§ Task to complete: Instruction for the data below: set down exactly the lines from the line with "Fotos de los 100 m con vallas de mujeres" to the line with "Original Colombia 2018/19", inclusive, and no others.
◆ ◆ ◆
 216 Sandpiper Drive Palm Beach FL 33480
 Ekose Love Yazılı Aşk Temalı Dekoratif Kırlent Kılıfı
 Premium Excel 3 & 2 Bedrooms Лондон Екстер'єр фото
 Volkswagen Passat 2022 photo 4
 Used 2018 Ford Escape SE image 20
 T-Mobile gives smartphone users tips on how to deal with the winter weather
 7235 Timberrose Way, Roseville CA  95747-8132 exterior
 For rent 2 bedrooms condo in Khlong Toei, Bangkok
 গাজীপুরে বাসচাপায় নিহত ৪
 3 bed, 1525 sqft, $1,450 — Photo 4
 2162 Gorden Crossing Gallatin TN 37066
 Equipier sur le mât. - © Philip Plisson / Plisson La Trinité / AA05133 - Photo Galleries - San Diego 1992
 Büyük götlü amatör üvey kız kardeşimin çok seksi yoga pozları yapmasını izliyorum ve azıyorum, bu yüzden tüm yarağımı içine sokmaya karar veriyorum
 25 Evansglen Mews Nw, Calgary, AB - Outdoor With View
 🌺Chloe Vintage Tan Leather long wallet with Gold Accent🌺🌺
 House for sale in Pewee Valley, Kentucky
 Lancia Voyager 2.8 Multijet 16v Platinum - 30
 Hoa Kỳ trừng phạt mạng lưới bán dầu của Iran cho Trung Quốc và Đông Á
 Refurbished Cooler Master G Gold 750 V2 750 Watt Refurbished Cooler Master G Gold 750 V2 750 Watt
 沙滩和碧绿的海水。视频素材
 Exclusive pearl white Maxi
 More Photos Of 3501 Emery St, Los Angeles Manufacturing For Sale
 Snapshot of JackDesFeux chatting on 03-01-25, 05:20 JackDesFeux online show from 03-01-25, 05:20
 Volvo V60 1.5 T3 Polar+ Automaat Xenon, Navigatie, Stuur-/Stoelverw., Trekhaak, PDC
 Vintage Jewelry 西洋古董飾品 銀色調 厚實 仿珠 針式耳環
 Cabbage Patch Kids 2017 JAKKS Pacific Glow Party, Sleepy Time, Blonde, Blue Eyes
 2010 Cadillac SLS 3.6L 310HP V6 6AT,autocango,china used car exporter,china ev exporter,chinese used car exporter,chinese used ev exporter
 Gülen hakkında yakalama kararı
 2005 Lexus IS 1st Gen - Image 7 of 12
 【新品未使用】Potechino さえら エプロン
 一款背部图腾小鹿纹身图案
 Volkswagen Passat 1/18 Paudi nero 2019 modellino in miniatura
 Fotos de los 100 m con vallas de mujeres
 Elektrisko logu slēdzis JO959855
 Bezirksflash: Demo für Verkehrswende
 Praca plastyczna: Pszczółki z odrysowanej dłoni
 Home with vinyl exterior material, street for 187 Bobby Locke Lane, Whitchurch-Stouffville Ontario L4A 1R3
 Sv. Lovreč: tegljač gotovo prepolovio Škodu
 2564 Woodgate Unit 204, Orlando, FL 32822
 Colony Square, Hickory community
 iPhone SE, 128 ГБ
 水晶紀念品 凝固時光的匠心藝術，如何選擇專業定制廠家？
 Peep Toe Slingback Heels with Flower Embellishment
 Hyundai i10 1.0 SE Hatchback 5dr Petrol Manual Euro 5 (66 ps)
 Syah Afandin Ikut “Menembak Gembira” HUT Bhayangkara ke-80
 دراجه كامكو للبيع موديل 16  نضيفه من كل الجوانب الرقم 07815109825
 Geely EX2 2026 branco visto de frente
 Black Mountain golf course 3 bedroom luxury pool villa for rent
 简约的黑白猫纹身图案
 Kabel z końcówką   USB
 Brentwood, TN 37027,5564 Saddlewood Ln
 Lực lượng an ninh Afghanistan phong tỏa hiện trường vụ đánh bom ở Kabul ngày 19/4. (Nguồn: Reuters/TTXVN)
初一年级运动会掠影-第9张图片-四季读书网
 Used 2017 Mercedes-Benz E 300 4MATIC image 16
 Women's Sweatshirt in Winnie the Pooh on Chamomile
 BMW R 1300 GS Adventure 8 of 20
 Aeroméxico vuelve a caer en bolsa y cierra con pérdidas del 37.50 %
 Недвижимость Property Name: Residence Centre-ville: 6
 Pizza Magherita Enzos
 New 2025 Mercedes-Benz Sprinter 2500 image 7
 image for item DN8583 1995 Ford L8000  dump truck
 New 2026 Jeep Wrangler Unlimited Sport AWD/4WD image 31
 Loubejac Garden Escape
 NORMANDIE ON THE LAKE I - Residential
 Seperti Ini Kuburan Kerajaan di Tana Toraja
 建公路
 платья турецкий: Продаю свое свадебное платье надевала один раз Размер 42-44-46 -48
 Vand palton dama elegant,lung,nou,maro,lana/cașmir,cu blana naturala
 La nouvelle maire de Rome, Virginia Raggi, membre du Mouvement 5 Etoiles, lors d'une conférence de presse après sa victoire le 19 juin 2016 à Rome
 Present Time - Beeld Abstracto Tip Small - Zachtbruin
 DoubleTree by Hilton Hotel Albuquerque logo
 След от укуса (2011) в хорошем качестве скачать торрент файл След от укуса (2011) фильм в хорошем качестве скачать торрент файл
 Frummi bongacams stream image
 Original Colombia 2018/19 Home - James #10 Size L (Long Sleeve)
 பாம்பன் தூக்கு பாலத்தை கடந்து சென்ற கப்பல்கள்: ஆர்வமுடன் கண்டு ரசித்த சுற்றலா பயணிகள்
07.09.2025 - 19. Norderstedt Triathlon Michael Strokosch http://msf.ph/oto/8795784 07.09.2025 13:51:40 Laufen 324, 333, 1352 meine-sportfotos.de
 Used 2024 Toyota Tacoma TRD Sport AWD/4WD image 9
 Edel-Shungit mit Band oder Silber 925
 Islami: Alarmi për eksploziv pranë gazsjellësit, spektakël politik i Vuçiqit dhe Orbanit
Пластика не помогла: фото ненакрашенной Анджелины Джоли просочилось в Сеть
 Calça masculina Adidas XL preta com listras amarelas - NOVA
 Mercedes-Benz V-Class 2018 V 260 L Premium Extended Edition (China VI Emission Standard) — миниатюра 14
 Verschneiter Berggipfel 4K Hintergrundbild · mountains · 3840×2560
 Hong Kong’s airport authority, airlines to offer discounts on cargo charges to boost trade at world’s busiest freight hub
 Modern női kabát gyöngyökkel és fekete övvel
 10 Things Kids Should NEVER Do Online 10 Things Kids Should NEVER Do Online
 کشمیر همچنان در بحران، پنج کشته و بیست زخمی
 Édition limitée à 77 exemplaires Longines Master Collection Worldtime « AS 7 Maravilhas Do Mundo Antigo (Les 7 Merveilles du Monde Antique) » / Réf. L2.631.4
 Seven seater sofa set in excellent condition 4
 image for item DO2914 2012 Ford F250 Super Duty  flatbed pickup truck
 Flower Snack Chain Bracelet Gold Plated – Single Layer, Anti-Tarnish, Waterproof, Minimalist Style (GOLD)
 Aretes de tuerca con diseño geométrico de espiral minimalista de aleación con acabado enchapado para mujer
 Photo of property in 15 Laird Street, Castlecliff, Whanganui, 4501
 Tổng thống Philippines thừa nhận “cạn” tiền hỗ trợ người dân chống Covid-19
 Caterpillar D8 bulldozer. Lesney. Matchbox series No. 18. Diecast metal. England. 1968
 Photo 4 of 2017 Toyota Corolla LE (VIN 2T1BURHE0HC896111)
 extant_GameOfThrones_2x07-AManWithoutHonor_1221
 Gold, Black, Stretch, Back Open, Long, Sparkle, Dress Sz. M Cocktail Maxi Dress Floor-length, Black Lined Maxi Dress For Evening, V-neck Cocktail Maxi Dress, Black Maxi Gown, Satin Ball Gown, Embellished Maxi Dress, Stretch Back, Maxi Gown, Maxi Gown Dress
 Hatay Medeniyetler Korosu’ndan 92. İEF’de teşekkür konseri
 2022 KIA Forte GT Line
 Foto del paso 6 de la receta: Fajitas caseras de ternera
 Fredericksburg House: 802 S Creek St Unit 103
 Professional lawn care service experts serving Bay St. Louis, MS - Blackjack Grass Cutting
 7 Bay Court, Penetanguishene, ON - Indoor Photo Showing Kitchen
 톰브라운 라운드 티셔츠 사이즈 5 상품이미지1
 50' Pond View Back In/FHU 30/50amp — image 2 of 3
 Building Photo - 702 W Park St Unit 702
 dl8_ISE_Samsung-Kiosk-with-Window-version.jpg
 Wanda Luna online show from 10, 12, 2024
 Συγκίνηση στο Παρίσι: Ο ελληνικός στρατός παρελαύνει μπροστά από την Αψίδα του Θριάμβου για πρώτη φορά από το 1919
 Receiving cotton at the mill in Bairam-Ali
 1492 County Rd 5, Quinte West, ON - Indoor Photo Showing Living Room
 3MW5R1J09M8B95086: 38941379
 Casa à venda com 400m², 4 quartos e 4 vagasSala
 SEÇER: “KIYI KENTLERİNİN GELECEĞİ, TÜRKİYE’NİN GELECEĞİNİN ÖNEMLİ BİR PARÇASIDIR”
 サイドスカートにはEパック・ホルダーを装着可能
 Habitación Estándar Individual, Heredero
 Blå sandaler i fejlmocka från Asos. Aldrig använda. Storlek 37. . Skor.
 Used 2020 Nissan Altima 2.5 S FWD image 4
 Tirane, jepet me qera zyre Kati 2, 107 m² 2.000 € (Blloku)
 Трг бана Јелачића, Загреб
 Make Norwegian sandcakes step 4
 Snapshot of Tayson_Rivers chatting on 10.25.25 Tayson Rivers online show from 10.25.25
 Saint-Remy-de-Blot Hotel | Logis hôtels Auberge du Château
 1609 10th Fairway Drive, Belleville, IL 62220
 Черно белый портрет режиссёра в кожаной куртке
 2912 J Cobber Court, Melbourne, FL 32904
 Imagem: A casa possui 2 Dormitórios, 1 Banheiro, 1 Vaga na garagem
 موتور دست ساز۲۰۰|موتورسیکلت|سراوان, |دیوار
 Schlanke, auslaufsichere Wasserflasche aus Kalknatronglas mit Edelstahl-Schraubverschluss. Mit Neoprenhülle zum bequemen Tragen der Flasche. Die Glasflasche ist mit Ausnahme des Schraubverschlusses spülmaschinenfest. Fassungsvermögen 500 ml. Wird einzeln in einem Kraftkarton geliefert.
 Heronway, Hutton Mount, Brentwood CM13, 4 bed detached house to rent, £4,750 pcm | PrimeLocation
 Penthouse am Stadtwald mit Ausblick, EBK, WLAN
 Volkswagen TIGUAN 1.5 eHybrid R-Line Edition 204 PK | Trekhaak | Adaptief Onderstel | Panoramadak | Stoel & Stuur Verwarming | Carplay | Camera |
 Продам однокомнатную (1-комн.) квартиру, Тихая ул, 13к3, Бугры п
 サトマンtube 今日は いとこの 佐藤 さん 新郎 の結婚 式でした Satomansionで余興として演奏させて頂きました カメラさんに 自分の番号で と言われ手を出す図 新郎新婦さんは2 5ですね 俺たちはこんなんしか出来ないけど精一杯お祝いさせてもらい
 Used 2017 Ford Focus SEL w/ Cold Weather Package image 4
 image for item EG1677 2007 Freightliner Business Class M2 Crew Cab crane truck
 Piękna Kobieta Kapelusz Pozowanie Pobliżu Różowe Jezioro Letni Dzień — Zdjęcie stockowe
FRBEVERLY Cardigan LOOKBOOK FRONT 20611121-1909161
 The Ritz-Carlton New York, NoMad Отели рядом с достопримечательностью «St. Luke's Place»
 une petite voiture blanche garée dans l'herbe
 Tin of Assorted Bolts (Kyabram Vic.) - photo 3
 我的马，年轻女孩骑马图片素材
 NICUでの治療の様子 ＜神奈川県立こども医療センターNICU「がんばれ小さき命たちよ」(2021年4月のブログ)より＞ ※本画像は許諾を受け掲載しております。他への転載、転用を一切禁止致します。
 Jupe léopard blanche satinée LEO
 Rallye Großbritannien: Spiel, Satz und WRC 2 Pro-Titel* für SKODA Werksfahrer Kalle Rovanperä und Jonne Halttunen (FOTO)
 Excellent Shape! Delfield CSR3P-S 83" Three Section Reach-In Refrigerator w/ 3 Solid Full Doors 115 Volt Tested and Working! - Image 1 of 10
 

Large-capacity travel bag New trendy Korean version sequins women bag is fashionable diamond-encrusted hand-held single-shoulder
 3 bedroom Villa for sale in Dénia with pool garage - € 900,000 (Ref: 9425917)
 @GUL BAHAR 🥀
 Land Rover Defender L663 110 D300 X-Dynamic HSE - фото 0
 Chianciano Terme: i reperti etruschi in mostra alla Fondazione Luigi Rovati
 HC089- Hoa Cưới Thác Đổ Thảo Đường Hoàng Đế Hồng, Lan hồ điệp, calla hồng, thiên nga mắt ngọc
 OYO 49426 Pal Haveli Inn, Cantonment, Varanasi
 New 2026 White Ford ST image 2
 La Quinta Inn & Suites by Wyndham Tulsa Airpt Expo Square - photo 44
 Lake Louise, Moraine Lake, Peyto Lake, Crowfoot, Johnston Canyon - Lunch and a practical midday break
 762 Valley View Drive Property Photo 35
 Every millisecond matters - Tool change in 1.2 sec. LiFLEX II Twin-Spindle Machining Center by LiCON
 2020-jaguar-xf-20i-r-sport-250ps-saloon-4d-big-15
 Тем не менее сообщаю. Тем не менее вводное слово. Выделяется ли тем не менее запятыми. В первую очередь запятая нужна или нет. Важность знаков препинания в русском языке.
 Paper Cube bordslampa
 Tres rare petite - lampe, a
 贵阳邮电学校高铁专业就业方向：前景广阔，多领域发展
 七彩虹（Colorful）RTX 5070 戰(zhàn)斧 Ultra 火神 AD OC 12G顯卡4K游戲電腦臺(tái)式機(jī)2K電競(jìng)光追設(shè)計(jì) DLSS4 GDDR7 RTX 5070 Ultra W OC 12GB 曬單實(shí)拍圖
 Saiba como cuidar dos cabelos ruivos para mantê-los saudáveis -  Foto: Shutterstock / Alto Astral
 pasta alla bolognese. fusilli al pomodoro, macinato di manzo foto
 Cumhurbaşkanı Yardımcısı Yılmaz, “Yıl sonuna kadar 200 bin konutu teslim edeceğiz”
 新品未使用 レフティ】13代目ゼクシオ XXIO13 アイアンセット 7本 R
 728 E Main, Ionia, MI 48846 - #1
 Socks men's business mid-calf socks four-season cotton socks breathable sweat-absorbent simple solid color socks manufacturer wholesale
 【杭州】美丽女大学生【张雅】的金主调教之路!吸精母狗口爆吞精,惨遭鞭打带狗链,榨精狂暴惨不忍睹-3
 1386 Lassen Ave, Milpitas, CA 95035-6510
◆ ◆ ◆
§ Exercise answer:
 Fotos de los 100 m con vallas de mujeres
 Elektrisko logu slēdzis JO959855
 Bezirksflash: Demo für Verkehrswende
 Praca plastyczna: Pszczółki z odrysowanej dłoni
 Home with vinyl exterior material, street for 187 Bobby Locke Lane, Whitchurch-Stouffville Ontario L4A 1R3
 Sv. Lovreč: tegljač gotovo prepolovio Škodu
 2564 Woodgate Unit 204, Orlando, FL 32822
 Colony Square, Hickory community
 iPhone SE, 128 ГБ
 水晶紀念品 凝固時光的匠心藝術，如何選擇專業定制廠家？
 Peep Toe Slingback Heels with Flower Embellishment
 Hyundai i10 1.0 SE Hatchback 5dr Petrol Manual Euro 5 (66 ps)
 Syah Afandin Ikut “Menembak Gembira” HUT Bhayangkara ke-80
 دراجه كامكو للبيع موديل 16  نضيفه من كل الجوانب الرقم 07815109825
 Geely EX2 2026 branco visto de frente
 Black Mountain golf course 3 bedroom luxury pool villa for rent
 简约的黑白猫纹身图案
 Kabel z końcówką   USB
 Brentwood, TN 37027,5564 Saddlewood Ln
 Lực lượng an ninh Afghanistan phong tỏa hiện trường vụ đánh bom ở Kabul ngày 19/4. (Nguồn: Reuters/TTXVN)
初一年级运动会掠影-第9张图片-四季读书网
 Used 2017 Mercedes-Benz E 300 4MATIC image 16
 Women's Sweatshirt in Winnie the Pooh on Chamomile
 BMW R 1300 GS Adventure 8 of 20
 Aeroméxico vuelve a caer en bolsa y cierra con pérdidas del 37.50 %
 Недвижимость Property Name: Residence Centre-ville: 6
 Pizza Magherita Enzos
 New 2025 Mercedes-Benz Sprinter 2500 image 7
 image for item DN8583 1995 Ford L8000  dump truck
 New 2026 Jeep Wrangler Unlimited Sport AWD/4WD image 31
 Loubejac Garden Escape
 NORMANDIE ON THE LAKE I - Residential
 Seperti Ini Kuburan Kerajaan di Tana Toraja
 建公路
 платья турецкий: Продаю свое свадебное платье надевала один раз Размер 42-44-46 -48
 Vand palton dama elegant,lung,nou,maro,lana/cașmir,cu blana naturala
 La nouvelle maire de Rome, Virginia Raggi, membre du Mouvement 5 Etoiles, lors d'une conférence de presse après sa victoire le 19 juin 2016 à Rome
 Present Time - Beeld Abstracto Tip Small - Zachtbruin
 DoubleTree by Hilton Hotel Albuquerque logo
 След от укуса (2011) в хорошем качестве скачать торрент файл След от укуса (2011) фильм в хорошем качестве скачать торрент файл
 Frummi bongacams stream image
 Original Colombia 2018/19 Home - James #10 Size L (Long Sleeve)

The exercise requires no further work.